L'énigme d'un mystérieux "SOS" australien est en passe d'être résolue

Un pilote d'hélicoptère avait découvert cette inscription au mois de mai, ce qui avait déclenché des recherches et un appel à témoins. La police locale pense avoir un début d'explication, après avoir reçu un appel.

Un signe \"SOS\" avait été découvert au mois de mai 2017 dans la baie de Swift (Australie), par un pilote d\'hélicoptère.
Un signe "SOS" avait été découvert au mois de mai 2017 dans la baie de Swift (Australie), par un pilote d'hélicoptère. (WESTERN AUSTRALIA POLICE)

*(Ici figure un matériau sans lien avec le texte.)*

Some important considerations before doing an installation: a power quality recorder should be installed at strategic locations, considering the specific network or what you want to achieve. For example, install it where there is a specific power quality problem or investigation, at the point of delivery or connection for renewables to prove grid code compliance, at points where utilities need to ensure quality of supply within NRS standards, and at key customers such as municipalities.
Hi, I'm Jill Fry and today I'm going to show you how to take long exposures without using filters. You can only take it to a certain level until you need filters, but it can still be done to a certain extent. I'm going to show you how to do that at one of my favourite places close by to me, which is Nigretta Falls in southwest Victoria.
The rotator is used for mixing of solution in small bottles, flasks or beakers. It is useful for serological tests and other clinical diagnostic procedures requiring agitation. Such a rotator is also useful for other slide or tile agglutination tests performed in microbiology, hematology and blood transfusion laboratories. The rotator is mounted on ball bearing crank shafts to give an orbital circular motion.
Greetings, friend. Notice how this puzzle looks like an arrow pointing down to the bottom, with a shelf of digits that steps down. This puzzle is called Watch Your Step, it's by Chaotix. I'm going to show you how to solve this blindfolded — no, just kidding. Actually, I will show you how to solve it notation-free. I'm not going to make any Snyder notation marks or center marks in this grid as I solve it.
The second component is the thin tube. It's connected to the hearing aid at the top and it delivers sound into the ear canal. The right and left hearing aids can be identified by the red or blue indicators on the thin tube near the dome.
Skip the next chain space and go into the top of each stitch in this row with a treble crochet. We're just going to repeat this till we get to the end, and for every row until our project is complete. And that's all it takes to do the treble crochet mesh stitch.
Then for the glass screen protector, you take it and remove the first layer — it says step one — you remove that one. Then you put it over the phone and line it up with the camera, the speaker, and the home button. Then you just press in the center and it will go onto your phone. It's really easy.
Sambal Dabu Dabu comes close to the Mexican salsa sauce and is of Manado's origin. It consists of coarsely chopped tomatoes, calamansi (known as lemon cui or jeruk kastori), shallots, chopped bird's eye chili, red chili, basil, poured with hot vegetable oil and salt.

L'affaire avait mobilisé la police locale, convaincue d'être sur les traces d'un malheureux en danger. En mai dernier, une inquiétante inscription "SOS" faite de roches avait été découverte par un pilote d'hélicoptère dans la baie de Swift (Australie). Après ce signalement alarmant, une battue avait été organisée dans cette région isolée et très faiblement peuplée. En vain. Les agents du poste de Kalumburu, situé à une centaine de kilomètres, avaient même lancé un appel à témoins (en anglais) afin d'identifier l'auteur de cet appel à l'aide.

Un signe \"SOS\" avait été découvert au mois de mai 2017 dans la baie de Swift (Australie), par un pilote d\'hélicoptère.
Un signe "SOS" avait été découvert au mois de mai 2017 dans la baie de Swift (Australie), par un pilote d'hélicoptère. (WESTERN AUSTRALIA POLICE)

Leurs efforts ont peut-être payé. "Un homme s'est manifesté et a indiqué que son frère, un dénommé Robert, avait tracé le SOS, explique le sergent de police Dave Rudd, contacté par ABC (en anglais). Cela date de 2013 et il s'agissait d'un appel à l'aide légitime." Selon le récit de ce proche, en effet, l'homme aurait tracé le message de détresse, alors qu'il se trouvait dans un canot de sauvetage, en compagnie d'un autre passager. "Il a été attaqué par des crocodiles, poursuit l'officier de police, en se basant sur l'unique version du prétendu frère. Les deux passagers avaient des rations à bord, ils ont découvert de l'eau fraîche, et ont survécu là pendant plusieurs jours." Un autre navire les aurait finalement secourus.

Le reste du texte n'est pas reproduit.